Working data:

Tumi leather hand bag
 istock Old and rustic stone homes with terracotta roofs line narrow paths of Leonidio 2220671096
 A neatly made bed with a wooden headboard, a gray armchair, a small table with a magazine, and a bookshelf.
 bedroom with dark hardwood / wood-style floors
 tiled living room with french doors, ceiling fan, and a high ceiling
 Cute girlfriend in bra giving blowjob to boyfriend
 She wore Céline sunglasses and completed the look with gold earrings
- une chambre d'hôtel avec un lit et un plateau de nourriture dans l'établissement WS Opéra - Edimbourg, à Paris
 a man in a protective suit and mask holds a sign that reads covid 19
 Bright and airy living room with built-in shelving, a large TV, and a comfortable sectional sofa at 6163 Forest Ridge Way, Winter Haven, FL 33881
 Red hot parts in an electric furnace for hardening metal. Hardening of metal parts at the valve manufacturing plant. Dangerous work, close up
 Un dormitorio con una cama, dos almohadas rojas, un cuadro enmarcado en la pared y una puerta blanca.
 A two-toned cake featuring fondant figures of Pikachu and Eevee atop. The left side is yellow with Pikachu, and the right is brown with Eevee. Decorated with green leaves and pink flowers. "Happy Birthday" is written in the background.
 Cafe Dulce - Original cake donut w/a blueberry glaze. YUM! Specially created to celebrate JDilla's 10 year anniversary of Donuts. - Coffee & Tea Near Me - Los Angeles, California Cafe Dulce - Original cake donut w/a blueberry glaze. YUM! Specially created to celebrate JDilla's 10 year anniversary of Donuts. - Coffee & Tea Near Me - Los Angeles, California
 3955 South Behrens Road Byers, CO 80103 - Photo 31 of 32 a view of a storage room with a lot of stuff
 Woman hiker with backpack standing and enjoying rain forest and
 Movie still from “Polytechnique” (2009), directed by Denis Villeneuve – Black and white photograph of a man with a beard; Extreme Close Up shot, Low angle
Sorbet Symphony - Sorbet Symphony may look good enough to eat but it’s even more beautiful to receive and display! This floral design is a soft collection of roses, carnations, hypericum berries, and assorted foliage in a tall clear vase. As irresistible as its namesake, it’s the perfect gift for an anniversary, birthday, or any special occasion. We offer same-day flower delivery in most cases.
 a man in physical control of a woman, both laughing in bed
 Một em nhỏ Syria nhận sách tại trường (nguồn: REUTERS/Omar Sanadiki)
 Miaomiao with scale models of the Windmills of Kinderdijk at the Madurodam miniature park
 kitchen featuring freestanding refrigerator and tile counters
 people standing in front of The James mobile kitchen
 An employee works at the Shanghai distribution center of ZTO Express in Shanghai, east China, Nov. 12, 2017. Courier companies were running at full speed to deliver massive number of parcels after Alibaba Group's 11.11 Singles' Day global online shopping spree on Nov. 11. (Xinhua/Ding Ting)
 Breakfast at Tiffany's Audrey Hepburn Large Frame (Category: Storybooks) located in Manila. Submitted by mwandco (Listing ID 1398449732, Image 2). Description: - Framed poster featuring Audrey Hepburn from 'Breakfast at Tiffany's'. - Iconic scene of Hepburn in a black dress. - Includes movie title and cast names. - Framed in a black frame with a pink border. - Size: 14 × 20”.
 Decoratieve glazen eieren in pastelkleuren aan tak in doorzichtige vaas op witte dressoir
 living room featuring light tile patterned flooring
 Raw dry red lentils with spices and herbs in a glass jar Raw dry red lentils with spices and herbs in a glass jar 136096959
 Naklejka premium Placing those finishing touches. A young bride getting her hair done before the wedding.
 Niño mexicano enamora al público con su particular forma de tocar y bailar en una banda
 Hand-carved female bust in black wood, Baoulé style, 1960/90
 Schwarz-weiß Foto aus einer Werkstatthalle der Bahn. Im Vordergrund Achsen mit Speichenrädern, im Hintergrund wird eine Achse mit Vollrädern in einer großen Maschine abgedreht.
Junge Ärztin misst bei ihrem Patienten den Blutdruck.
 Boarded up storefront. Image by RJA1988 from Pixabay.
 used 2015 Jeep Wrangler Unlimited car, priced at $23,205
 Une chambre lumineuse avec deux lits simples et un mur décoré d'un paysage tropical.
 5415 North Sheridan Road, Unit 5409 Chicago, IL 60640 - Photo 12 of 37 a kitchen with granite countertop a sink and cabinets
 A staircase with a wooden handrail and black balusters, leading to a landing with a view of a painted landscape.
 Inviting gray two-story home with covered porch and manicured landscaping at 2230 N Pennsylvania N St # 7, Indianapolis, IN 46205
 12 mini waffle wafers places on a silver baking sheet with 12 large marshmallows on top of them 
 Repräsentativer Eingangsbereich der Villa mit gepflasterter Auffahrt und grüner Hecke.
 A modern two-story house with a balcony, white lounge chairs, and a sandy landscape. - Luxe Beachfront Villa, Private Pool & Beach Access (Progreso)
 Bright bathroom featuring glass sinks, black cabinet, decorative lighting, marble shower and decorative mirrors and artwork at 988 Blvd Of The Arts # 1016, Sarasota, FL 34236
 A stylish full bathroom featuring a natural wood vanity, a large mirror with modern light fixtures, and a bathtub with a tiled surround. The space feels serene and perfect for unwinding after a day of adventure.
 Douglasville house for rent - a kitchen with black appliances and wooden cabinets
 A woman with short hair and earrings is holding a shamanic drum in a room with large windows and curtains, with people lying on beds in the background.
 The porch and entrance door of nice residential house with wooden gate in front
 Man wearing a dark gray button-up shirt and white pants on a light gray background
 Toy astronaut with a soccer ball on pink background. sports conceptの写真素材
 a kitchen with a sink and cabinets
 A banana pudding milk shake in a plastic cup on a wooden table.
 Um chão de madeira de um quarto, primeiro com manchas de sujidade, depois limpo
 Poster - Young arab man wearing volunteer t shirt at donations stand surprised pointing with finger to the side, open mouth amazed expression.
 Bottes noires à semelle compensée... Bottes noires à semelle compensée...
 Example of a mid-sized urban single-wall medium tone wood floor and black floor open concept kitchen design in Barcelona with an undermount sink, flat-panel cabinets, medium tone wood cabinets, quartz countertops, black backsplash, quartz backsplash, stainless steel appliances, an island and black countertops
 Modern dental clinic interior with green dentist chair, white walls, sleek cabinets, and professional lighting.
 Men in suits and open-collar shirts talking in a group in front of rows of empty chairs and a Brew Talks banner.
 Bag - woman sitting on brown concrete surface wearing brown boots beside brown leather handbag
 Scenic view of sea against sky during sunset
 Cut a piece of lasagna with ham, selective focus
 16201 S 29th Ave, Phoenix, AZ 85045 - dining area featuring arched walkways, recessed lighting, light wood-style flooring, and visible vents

What to produce:
Copy the records. Each line should match exactly.

Reply to the task:
Tumi leather hand bag
 istock Old and rustic stone homes with terracotta roofs line narrow paths of Leonidio 2220671096
 A neatly made bed with a wooden headboard, a gray armchair, a small table with a magazine, and a bookshelf.
 bedroom with dark hardwood / wood-style floors
 tiled living room with french doors, ceiling fan, and a high ceiling
 Cute girlfriend in bra giving blowjob to boyfriend
 She wore Céline sunglasses and completed the look with gold earrings
- une chambre d'hôtel avec un lit et un plateau de nourriture dans l'établissement WS Opéra - Edimbourg, à Paris
 a man in a protective suit and mask holds a sign that reads covid 19
 Bright and airy living room with built-in shelving, a large TV, and a comfortable sectional sofa at 6163 Forest Ridge Way, Winter Haven, FL 33881
 Red hot parts in an electric furnace for hardening metal. Hardening of metal parts at the valve manufacturing plant. Dangerous work, close up
 Un dormitorio con una cama, dos almohadas rojas, un cuadro enmarcado en la pared y una puerta blanca.
 A two-toned cake featuring fondant figures of Pikachu and Eevee atop. The left side is yellow with Pikachu, and the right is brown with Eevee. Decorated with green leaves and pink flowers. "Happy Birthday" is written in the background.
 Cafe Dulce - Original cake donut w/a blueberry glaze. YUM! Specially created to celebrate JDilla's 10 year anniversary of Donuts. - Coffee & Tea Near Me - Los Angeles, California Cafe Dulce - Original cake donut w/a blueberry glaze. YUM! Specially created to celebrate JDilla's 10 year anniversary of Donuts. - Coffee & Tea Near Me - Los Angeles, California
 3955 South Behrens Road Byers, CO 80103 - Photo 31 of 32 a view of a storage room with a lot of stuff
 Woman hiker with backpack standing and enjoying rain forest and
 Movie still from “Polytechnique” (2009), directed by Denis Villeneuve – Black and white photograph of a man with a beard; Extreme Close Up shot, Low angle
Sorbet Symphony - Sorbet Symphony may look good enough to eat but it’s even more beautiful to receive and display! This floral design is a soft collection of roses, carnations, hypericum berries, and assorted foliage in a tall clear vase. As irresistible as its namesake, it’s the perfect gift for an anniversary, birthday, or any special occasion. We offer same-day flower delivery in most cases.
 a man in physical control of a woman, both laughing in bed
 Một em nhỏ Syria nhận sách tại trường (nguồn: REUTERS/Omar Sanadiki)
 Miaomiao with scale models of the Windmills of Kinderdijk at the Madurodam miniature park
 kitchen featuring freestanding refrigerator and tile counters
 people standing in front of The James mobile kitchen
 An employee works at the Shanghai distribution center of ZTO Express in Shanghai, east China, Nov. 12, 2017. Courier companies were running at full speed to deliver massive number of parcels after Alibaba Group's 11.11 Singles' Day global online shopping spree on Nov. 11. (Xinhua/Ding Ting)
 Breakfast at Tiffany's Audrey Hepburn Large Frame (Category: Storybooks) located in Manila. Submitted by mwandco (Listing ID 1398449732, Image 2). Description: - Framed poster featuring Audrey Hepburn from 'Breakfast at Tiffany's'. - Iconic scene of Hepburn in a black dress. - Includes movie title and cast names. - Framed in a black frame with a pink border. - Size: 14 × 20”.
 Decoratieve glazen eieren in pastelkleuren aan tak in doorzichtige vaas op witte dressoir
 living room featuring light tile patterned flooring
 Raw dry red lentils with spices and herbs in a glass jar Raw dry red lentils with spices and herbs in a glass jar 136096959
 Naklejka premium Placing those finishing touches. A young bride getting her hair done before the wedding.
 Niño mexicano enamora al público con su particular forma de tocar y bailar en una banda
 Hand-carved female bust in black wood, Baoulé style, 1960/90
 Schwarz-weiß Foto aus einer Werkstatthalle der Bahn. Im Vordergrund Achsen mit Speichenrädern, im Hintergrund wird eine Achse mit Vollrädern in einer großen Maschine abgedreht.
Junge Ärztin misst bei ihrem Patienten den Blutdruck.
 Boarded up storefront. Image by RJA1988 from Pixabay.
 used 2015 Jeep Wrangler Unlimited car, priced at $23,205
 Une chambre lumineuse avec deux lits simples et un mur décoré d'un paysage tropical.
 5415 North Sheridan Road, Unit 5409 Chicago, IL 60640 - Photo 12 of 37 a kitchen with granite countertop a sink and cabinets
 A staircase with a wooden handrail and black balusters, leading to a landing with a view of a painted landscape.
 Inviting gray two-story home with covered porch and manicured landscaping at 2230 N Pennsylvania N St # 7, Indianapolis, IN 46205
 12 mini waffle wafers places on a silver baking sheet with 12 large marshmallows on top of them 
 Repräsentativer Eingangsbereich der Villa mit gepflasterter Auffahrt und grüner Hecke.
 A modern two-story house with a balcony, white lounge chairs, and a sandy landscape. - Luxe Beachfront Villa, Private Pool & Beach Access (Progreso)
 Bright bathroom featuring glass sinks, black cabinet, decorative lighting, marble shower and decorative mirrors and artwork at 988 Blvd Of The Arts # 1016, Sarasota, FL 34236
 A stylish full bathroom featuring a natural wood vanity, a large mirror with modern light fixtures, and a bathtub with a tiled surround. The space feels serene and perfect for unwinding after a day of adventure.
 Douglasville house for rent - a kitchen with black appliances and wooden cabinets
 A woman with short hair and earrings is holding a shamanic drum in a room with large windows and curtains, with people lying on beds in the background.
 The porch and entrance door of nice residential house with wooden gate in front
 Man wearing a dark gray button-up shirt and white pants on a light gray background
 Toy astronaut with a soccer ball on pink background. sports conceptの写真素材
 a kitchen with a sink and cabinets
 A banana pudding milk shake in a plastic cup on a wooden table.
 Um chão de madeira de um quarto, primeiro com manchas de sujidade, depois limpo
 Poster - Young arab man wearing volunteer t shirt at donations stand surprised pointing with finger to the side, open mouth amazed expression.
 Bottes noires à semelle compensée... Bottes noires à semelle compensée...
 Example of a mid-sized urban single-wall medium tone wood floor and black floor open concept kitchen design in Barcelona with an undermount sink, flat-panel cabinets, medium tone wood cabinets, quartz countertops, black backsplash, quartz backsplash, stainless steel appliances, an island and black countertops
 Modern dental clinic interior with green dentist chair, white walls, sleek cabinets, and professional lighting.
 Men in suits and open-collar shirts talking in a group in front of rows of empty chairs and a Brew Talks banner.
 Bag - woman sitting on brown concrete surface wearing brown boots beside brown leather handbag
 Scenic view of sea against sky during sunset
 Cut a piece of lasagna with ham, selective focus
 16201 S 29th Ave, Phoenix, AZ 85045 - dining area featuring arched walkways, recessed lighting, light wood-style flooring, and visible vents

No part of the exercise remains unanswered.